Dans chaque élection en Algérie ou dans, pratiquement, tous les pays en voie de développement, les partis opposés s'accusent mutuellement de fraude.

D'abord, concentrons-nous, sur ce qui nous intéresse le plus, le cas Algérien en l'occurrence. Ce qui est curieux chez nous, c'est le fait qu'on commence à parler très tôt de la fraude. Avant, pendant et après la campagne électorale.
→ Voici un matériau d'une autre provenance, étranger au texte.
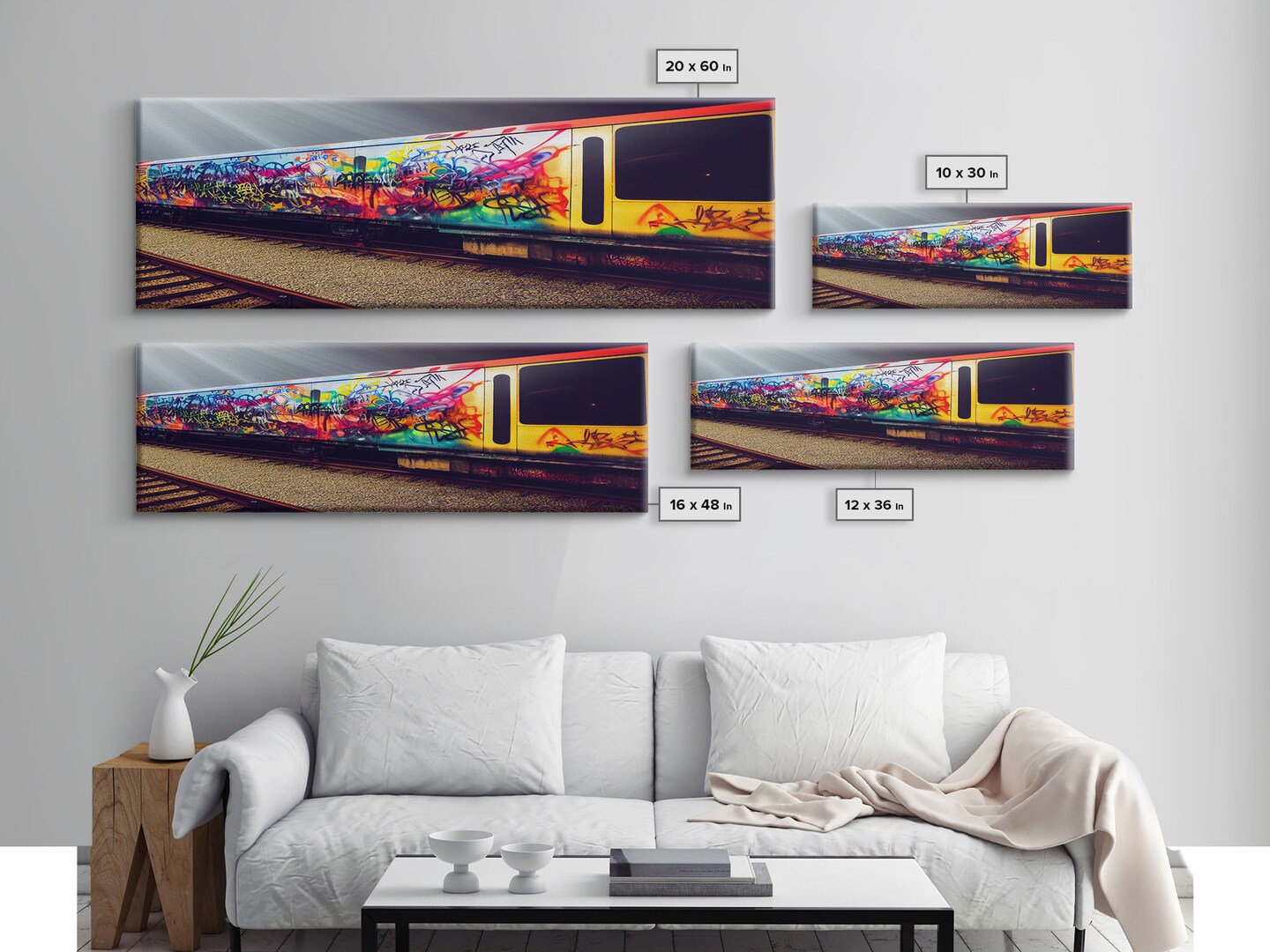 Subway Car Graffiti - popular Premium Canvas Wall Art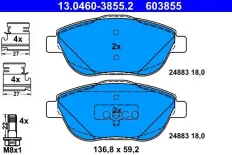 Колодки тормозные дисковые передн, CITROEN: C3 II 1.6 HDi 110/1.6 VTi 120 09-, C3 Picasso 1.4 VTi 95/1.6 HDI 90/1.6 HDi/1.6 HDi 110/1.6 VTi 120 09-, D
Ce mot magique et très efficace « fraude », qui signifier la falsification des résultats d'une élection, relève t-il d'une réalité tangible et irréfutable ? Est-il utilisé pour masquer l'échec ?et donc garder la face envers les partisans ? Pour délégitimer la victoire de l'adversaire ? Ou pour, éventuellement, faire des pressions sur le régime politique en place afin qu'il partage d'avantage le pouvoir ?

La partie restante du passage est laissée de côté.